[WHAT THE TASK ASKS]: Please set the lines down again exactly, from the top of the entries through the line that contains "Hey everybody, Dr.".

(Stored items)

== Segment start ==

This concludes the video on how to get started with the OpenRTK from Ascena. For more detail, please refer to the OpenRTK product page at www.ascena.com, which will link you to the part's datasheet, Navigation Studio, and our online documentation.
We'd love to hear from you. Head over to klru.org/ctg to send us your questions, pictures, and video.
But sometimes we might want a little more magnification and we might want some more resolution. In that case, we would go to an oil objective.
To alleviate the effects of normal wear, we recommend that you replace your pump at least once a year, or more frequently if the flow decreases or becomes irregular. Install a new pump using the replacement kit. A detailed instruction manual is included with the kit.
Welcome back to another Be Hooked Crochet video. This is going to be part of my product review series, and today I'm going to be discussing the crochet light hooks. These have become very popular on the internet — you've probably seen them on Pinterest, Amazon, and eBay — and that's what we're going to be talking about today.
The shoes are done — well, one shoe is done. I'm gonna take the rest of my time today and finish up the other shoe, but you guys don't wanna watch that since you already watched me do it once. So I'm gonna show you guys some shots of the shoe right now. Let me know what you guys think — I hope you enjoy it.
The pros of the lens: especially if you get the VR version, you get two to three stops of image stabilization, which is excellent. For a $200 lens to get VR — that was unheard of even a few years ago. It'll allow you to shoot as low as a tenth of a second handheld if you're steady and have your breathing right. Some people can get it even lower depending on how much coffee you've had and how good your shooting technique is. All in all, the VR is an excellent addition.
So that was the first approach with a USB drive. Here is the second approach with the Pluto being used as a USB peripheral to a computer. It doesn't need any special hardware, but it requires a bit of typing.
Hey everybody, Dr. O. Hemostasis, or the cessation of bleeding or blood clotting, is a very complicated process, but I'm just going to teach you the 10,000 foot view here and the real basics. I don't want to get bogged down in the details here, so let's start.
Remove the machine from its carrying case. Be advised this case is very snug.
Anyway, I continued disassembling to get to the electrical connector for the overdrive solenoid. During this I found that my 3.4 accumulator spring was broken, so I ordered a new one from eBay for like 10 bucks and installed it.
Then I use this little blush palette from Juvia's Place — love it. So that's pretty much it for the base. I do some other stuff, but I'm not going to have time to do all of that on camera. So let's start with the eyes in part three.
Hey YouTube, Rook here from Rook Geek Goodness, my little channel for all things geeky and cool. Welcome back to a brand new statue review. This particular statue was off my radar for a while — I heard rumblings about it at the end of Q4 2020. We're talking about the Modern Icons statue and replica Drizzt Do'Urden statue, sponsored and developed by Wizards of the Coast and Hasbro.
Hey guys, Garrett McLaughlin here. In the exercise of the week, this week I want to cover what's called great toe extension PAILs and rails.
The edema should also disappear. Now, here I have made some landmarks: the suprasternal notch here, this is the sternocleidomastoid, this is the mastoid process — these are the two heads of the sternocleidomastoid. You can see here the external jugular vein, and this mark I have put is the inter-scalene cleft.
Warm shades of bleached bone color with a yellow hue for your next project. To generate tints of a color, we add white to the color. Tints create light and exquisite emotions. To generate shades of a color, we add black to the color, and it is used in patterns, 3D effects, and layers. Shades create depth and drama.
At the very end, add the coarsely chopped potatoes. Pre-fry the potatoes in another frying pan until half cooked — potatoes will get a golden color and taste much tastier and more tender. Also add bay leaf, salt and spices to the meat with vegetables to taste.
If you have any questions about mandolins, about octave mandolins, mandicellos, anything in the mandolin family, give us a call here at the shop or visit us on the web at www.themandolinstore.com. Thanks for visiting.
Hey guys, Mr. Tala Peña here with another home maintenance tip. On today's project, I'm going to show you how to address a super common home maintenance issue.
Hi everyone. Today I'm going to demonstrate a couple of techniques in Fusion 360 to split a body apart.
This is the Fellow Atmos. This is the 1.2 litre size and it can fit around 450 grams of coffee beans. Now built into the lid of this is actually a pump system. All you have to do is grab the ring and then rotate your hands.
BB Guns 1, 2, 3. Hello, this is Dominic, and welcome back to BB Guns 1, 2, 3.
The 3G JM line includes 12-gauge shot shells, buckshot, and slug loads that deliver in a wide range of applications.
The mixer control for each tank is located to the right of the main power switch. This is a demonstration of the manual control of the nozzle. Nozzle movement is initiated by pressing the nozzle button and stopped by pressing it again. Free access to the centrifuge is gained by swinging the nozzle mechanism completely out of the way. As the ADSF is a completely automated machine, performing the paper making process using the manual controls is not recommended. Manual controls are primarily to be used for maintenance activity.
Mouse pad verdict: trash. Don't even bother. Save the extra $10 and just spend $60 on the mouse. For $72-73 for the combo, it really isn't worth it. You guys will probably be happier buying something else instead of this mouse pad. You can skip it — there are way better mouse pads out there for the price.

== Segment end ==

[ANSWER AREA]:
This concludes the video on how to get started with the OpenRTK from Ascena. For more detail, please refer to the OpenRTK product page at www.ascena.com, which will link you to the part's datasheet, Navigation Studio, and our online documentation.
We'd love to hear from you. Head over to klru.org/ctg to send us your questions, pictures, and video.
But sometimes we might want a little more magnification and we might want some more resolution. In that case, we would go to an oil objective.
To alleviate the effects of normal wear, we recommend that you replace your pump at least once a year, or more frequently if the flow decreases or becomes irregular. Install a new pump using the replacement kit. A detailed instruction manual is included with the kit.
Welcome back to another Be Hooked Crochet video. This is going to be part of my product review series, and today I'm going to be discussing the crochet light hooks. These have become very popular on the internet — you've probably seen them on Pinterest, Amazon, and eBay — and that's what we're going to be talking about today.
The shoes are done — well, one shoe is done. I'm gonna take the rest of my time today and finish up the other shoe, but you guys don't wanna watch that since you already watched me do it once. So I'm gonna show you guys some shots of the shoe right now. Let me know what you guys think — I hope you enjoy it.
The pros of the lens: especially if you get the VR version, you get two to three stops of image stabilization, which is excellent. For a $200 lens to get VR — that was unheard of even a few years ago. It'll allow you to shoot as low as a tenth of a second handheld if you're steady and have your breathing right. Some people can get it even lower depending on how much coffee you've had and how good your shooting technique is. All in all, the VR is an excellent addition.
So that was the first approach with a USB drive. Here is the second approach with the Pluto being used as a USB peripheral to a computer. It doesn't need any special hardware, but it requires a bit of typing.
Hey everybody, Dr. O. Hemostasis, or the cessation of bleeding or blood clotting, is a very complicated process, but I'm just going to teach you the 10,000 foot view here and the real basics. I don't want to get bogged down in the details here, so let's start.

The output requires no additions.